Together, these components cover a wide range of use cases: from cutting-edge research to large-scale production, or just a simple image classification application to distinguish between a dog or a cat.

Scientists from Oak Ridge National Lab have used TensorFlow to train an extreme weather forecasting model on the 27,000 GPUs within the IBM Summit supercomputer. Google, on the other hand, has used TensorFlow to develop deep learning applications such as the chess-playing and Go-playing agent AlphaZero.


What's Keras?

Keras is built on top of TensorFlow, which uses CPU/GPU/TPU to perform calculations

Keras is a high-level deep learning API built on top of TensorFlow. It provides a convenient and flexible API for building and training deep learning models.

Keras is known for providing a clean, simple, and efficient API that prioritizes the developer experience. It's an API for human beings, not machines, and follows best practices for reducing cognitive load. The API provides consistent and simple workflows, minimizes the number of actions required for common use cases, and outputs clear and actionable feedback upon user error.

Much like Python, Keras' large and diverse user base enables a well-documented and wide range of workflows for utilizing the API. Keras does not force one to follow a single "true" way of building and training models. Rather, it allows the user to build and train models corresponding to their preference, and to explore the possibilities of each approach.

Keras and TensorFlow: A brief history

Keras was designed originally in March 2015 to be used with Theano, a tensor-manipulation library developed by Montreal Institute for Learning Algorithms (MILA). Theano pioneered the idea of using static computation graphs for automatic differentiation and compiling code to both CPU and GPU support.

Following the release of TensorFlow 1.0 in November 2015, Keras was refactored to support multiple backend architectures: starting with Theano and TensorFlow in late 2015, and adding support for CNTK and MXNet in 2017.

Keras became well known as the user-friendly way to develop TensorFlow applications. By late 2017, a majority of TensorFlow users were using Keras. In 2018, the TensorFlow leadership picked Keras as TensorFlow's official high-level API. As of September 2019, the Keras API is the official API for TensorFlow 2.0.

Enough of the history, let's learn how to set up a deep learning workspace.


Setting up a deep learning workspace

There are a handful of ways to set up a deep learning workspace:

Each approach has its advantages and disadvantages in terms of flexibility, cost, and ease of use.
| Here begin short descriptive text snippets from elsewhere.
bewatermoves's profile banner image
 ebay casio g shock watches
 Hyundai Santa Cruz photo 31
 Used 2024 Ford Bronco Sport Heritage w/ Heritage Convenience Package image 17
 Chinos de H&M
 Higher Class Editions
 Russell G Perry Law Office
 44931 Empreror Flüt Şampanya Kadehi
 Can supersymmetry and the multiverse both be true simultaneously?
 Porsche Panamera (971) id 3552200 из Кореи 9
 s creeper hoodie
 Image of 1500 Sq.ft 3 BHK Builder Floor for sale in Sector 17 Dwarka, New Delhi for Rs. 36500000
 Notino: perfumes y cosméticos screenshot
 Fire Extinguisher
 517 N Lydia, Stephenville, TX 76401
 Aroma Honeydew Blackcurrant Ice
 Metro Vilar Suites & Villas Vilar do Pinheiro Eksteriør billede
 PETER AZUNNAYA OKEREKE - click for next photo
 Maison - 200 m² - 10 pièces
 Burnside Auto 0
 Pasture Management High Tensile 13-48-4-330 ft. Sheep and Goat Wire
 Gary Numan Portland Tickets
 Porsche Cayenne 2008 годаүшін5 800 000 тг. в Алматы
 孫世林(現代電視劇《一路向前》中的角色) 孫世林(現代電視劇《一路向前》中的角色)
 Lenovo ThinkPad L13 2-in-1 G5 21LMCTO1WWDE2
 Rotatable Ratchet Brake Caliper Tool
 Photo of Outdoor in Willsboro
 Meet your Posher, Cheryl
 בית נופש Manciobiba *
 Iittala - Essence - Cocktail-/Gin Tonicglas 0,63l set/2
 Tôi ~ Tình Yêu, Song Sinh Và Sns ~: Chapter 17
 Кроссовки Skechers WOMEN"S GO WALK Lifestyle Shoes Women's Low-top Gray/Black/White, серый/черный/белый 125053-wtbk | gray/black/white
I'll briefly discuss the advantages and disadvantages of each approach below, but I will not discuss setup at all. In short, the easiest way to get started is Google Colab or some cloud GPU instance.

Physical machine with NVIDIA GPU

Buying a machine with a GPU is not the easiest way to get started with DL, as it's the most expensive upfront and requires manual setup. The upfront cost is amplified by the current (as of June 2022) chip shortage and GPU scalpers. This method involves installing proper drivers, sorting out version conflicts, and then configuring the libraries to use the GPU instead of the CPU.

Most users already have NVIDIA GPUs installed on their computers. Given the large user base of TensorFlow, there are many tutorials for setting up NVIDIA GPUs for deep learning, so this is not a bad option for tech-savvy people. I run most of my deep learning code on my GPU as it's the most convenient option and does not require an internet connection.

The alternative to buying a GPU is the use of embedded devices built specifically for efficient and highly-parallelized math operations, such as NVIDIA's Jetson or Google's Coral.

Cloud GPU instances

Using GPU instances is cheaper in the short term because you pay as you go (per hour basis), but it's not sustainable in the long run if you're a heavy user of deep learning. The benefit of using GPU instances is that it requires minimal setup as most instances have Python, TensorFlow, and Keras pre-installed - it's mostly plug-and-play and easy to use. Moreover, the GPU instance can easily be upgraded, torn down, cloned, and re-installed. Lastly, students and enterprise employees often get discounts - or free usage - for AWS and Google Cloud.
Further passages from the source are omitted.